The measurements communicated to surface may be related to whether a particular action is to be undertaken by the automated or human system operator with respect to operation of one or more of the wireline configurable instruments 10. Such operation of the wireline configurable instrument 10 may utilize any information or data relevant to the operation or functioning of the instrument 10, including whether to continue operating the instrument 10 in the current manner of operation and/or to change an operation or function of the instrument 10. Such operation may also comprise determining whether the instrument 10 is moving (axially and/or rotationally) within the wellbore, and whether to continue the operation related to such movement. Operation related to movement of the instrument 10 may include, for example, lowering, raising and/or rotation of the tubular string 20 and/or the wireline configurable toolstring 13 within the wellbore 18, as well as the flow of fluid within the tubular string 20 and/or the flow of fluid caused by movement of the tubular string 20 relative to the wireline configurable toolstring 13, as further described below.

An example of a measurement that is utilized to determine whether to change an operation according to one or more aspects of the present disclosure entails a wireline configurable instrument 10 and/or the toolstring 13 that may be configured to transmit measurements to the surface recording system 38 over the wired drill pipe communication channel, or via mud-pulse telemetry, such that an automated or human system operator may determine whether a fluid sample being obtained from the formation 11 and/or wellbore 18 comprises mud filtrate or substantially native formation fluid.

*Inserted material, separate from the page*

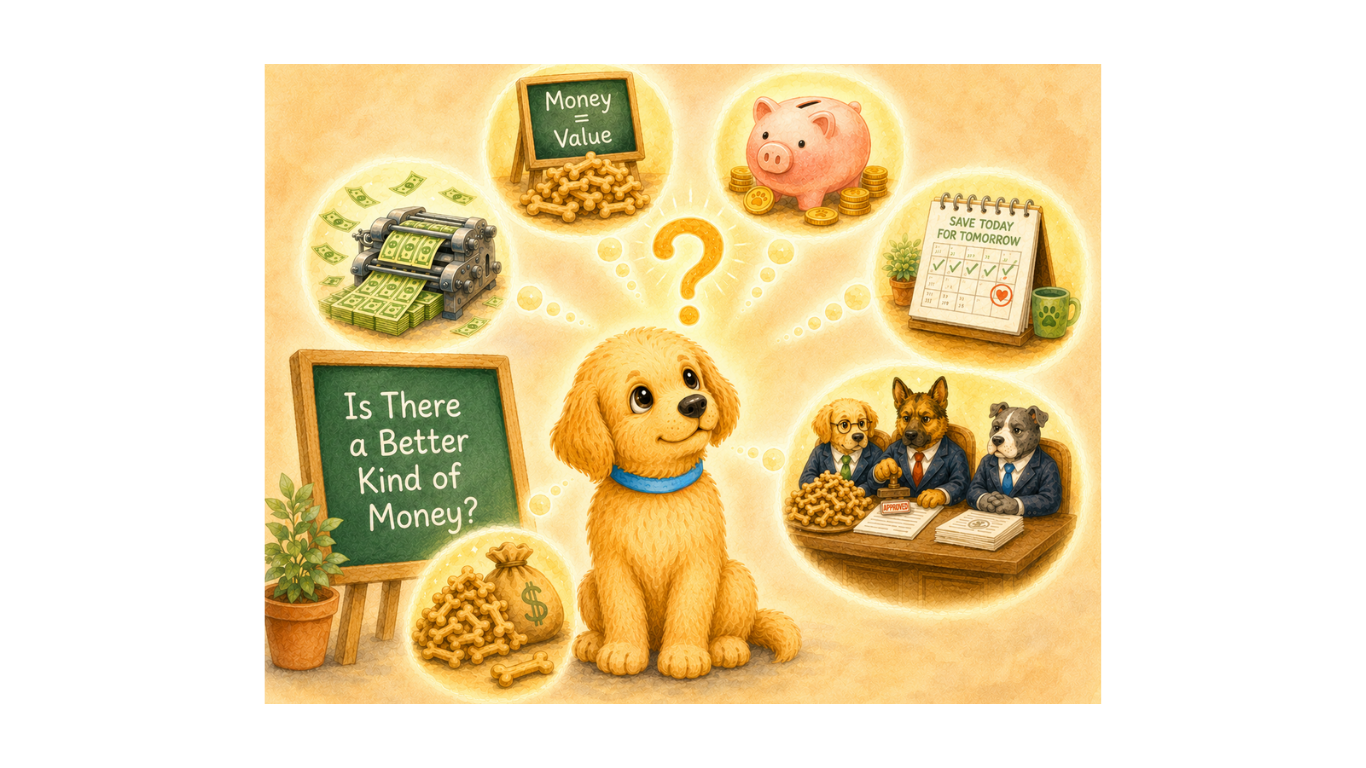 Leo the Puppy sitting thoughtfully with paw on chin surrounded by six glowing thought bubbles representing his money lessons including a printing press, piggy bank, saving calendar, money bag, suited dogs controlling bones, and a chalkboard reading Is There a Better Kind of Money?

For example, one of the wireline configurable instruments 10 may comprise a spectrometer and/or other means for performing downhole fluid analysis (DFA) of the obtained fluid sample, such that identification of the obtained fluid sample may enable determining when to begin storing fluid withdrawn from the formation 11 or wellbore 18 in a sample storage tank of one of the wireline configurable instruments 10 (not shown). Such a sample may thus be retrieved to the surface for subsequent analysis. This operation, however, is merely an example of the possible functionality of the wireline configurable instruments 10 within the scope of the present disclosure.

Continuing with this example, FIG. 5 is a schematic view of an example wireline configurable instrument 10 operable for formation pressure testing and fluid sample taking according to one or more aspects of the present disclosure. For ease of understanding, such wireline configurable instrument 10 is designated by reference numeral 10A in FIG. 5, with the understanding that the wireline configurable instrument 10A is similar if not identical to the wireline configurable instrument 10 shown in FIG. 1, with the following additional details.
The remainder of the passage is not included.